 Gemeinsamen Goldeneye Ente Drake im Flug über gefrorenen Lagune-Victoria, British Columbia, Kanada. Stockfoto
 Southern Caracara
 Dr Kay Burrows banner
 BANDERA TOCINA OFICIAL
==
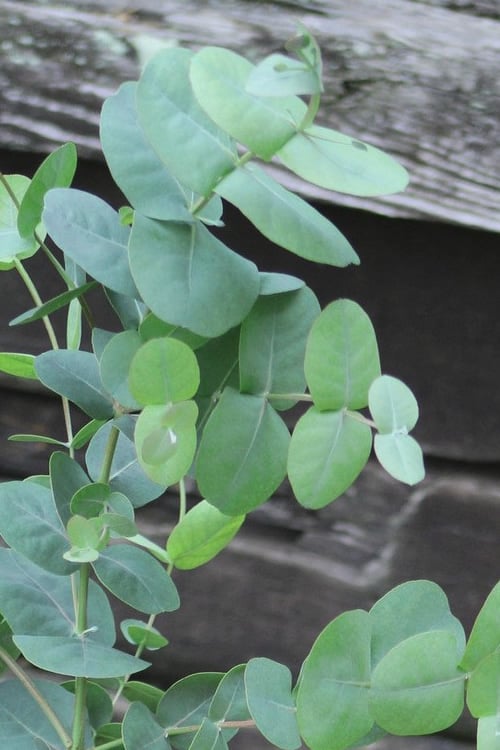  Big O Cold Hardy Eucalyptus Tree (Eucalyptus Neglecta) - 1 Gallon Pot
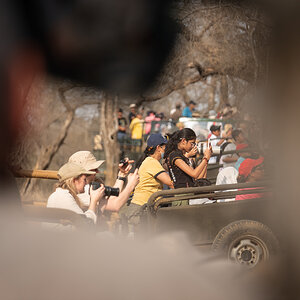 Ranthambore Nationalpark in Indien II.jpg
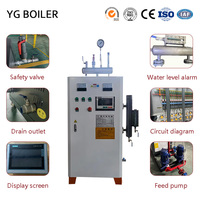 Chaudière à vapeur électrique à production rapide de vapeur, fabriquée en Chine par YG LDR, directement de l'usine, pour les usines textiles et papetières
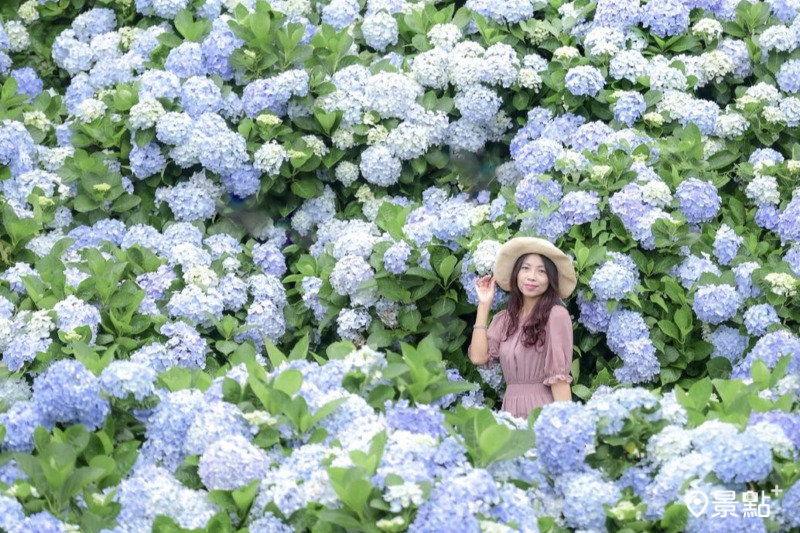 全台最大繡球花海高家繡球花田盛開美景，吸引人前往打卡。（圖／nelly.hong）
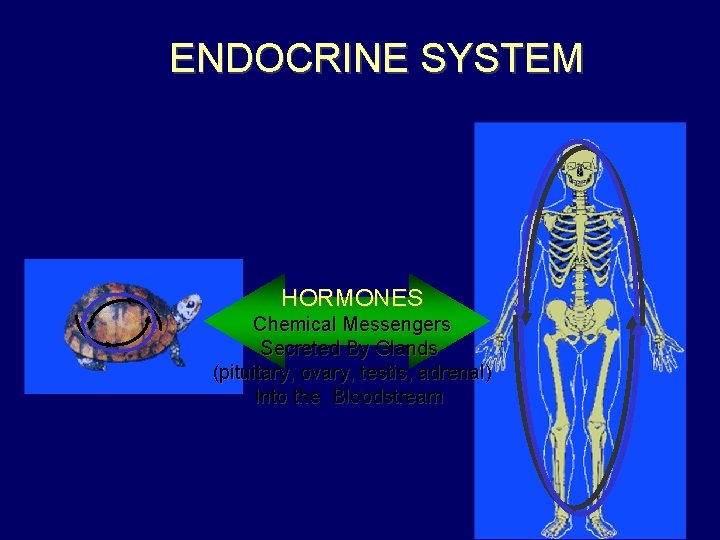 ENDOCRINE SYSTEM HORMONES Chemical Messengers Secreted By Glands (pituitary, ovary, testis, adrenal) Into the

WORK TASK -
After locating "全台最大繡球花海高家繡球花田" and "ENDOCRINE SYSTEM HORMONES" in the records above, return exactly the line holding each one and every line between them; leave out the pictures.

REPLY TO THE TASK -
 全台最大繡球花海高家繡球花田盛開美景，吸引人前往打卡。（圖／nelly.hong）
 ENDOCRINE SYSTEM HORMONES Chemical Messengers Secreted By Glands (pituitary, ovary, testis, adrenal) Into the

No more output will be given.